Pengusaha Amerika dan penulis buku "Rich Dad Poor Dad" Robert Kiyosaki menceritakan pengaruh futuris Richard Buckminster Fuller terhadap pandangan dunianya dan menghubungkan ramalan teknologi lamanya dengan kemunculan bitcoin dan perkembangan kecerdasan buatan.
Dalam publikasinya di X, Kiyosaki juga mengangkat pertanyaan tentang tujuan pribadi manusia dan mengingat kembali perjalanannya sendiri dari bekerja di bisnis musik hingga menciptakan permainan papan finansial Cashflow dan menulis "Rich Dad Poor Dad".
Kiyosaki mengingat bahwa sebelumnya ia berpenghasilan dari bisnis musik, mengembangkan produk untuk grup-grup seperti The Police, Van Halen, dan Iron Maiden. Meski sukses secara finansial dan memiliki kesempatan menghabiskan waktu di belakang panggung dengan musisi, sang pengusaha mencatat bahwa ia perlahan merasakan kekosongan batin.
Menurutnya, momen penentu adalah pertemuan dengan Fuller, yang disebut Kiyosaki sebagai salah satu pahlawannya. Pengusaha itu belajar darinya selama tiga musim panas.
Fuller Memprediksi Kemunculan Bitcoin dan AI
Kiyosaki menggambarkan Fuller sebagai "jenius yang ramah" dan seorang futuris yang memprediksi sejumlah perubahan besar di dunia. Di antaranya, sang pengusaha secara khusus menyoroti kemunculan bitcoin dan perkembangan AI.

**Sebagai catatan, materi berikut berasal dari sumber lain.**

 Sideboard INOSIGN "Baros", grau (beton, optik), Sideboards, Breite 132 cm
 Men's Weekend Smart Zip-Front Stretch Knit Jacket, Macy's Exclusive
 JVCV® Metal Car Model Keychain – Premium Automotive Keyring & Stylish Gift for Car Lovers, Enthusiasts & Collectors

"Bucky [Fuller] memprediksi perubahan yang mengubah dunia, seperti bitcoin hari ini dan kemunculan AI yang akan datang," tulis Kiyosaki.

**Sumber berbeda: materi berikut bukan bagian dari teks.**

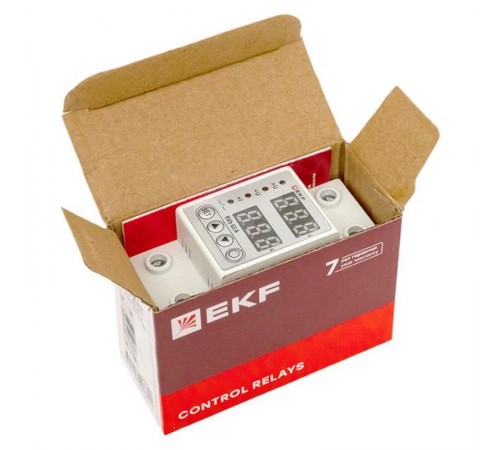 Реле напряжения и тока с дисп. RVb 63A  rvb-m63a EKF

Pada saat yang sama, publikasi tersebut tidak begitu banyak membahas ramalan teknologi, melainkan bagaimana kata-kata sang mentor mempengaruhi Kiyosaki sendiri. Sang pengusaha mengingat sebuah frasa dari Fuller yang didengarnya selama salah satu penampilannya:
"Anda tidak milik diri Anda sendiri. Anda milik Alam Semesta. Tujuan sejati Anda mungkin selamanya tidak dapat dipahami oleh Anda [...] tetapi Anda dapat yakin bahwa Anda menjalankan tujuan hidup Anda jika Anda mendedikasikan hidup Anda untuk manfaat maksimal bagi orang lain".
Kiyosaki mencatat bahwa ia membutuhkan waktu untuk menyadari makna kata-kata tersebut.
Kiyosaki Terus Bertaruh pada Kripto
Tema bitcoin dan aset digital lainnya secara teratur muncul dalam ramalan finansial Kiyosaki. Sebelumnya, ia menyatakan bahwa ia membeli bitcoin ketika investor lain panik dan menjual aset, serta berulang kali menghubungkan kripto dengan perlindungan modal di tengah masalah sistem keuangan tradisional.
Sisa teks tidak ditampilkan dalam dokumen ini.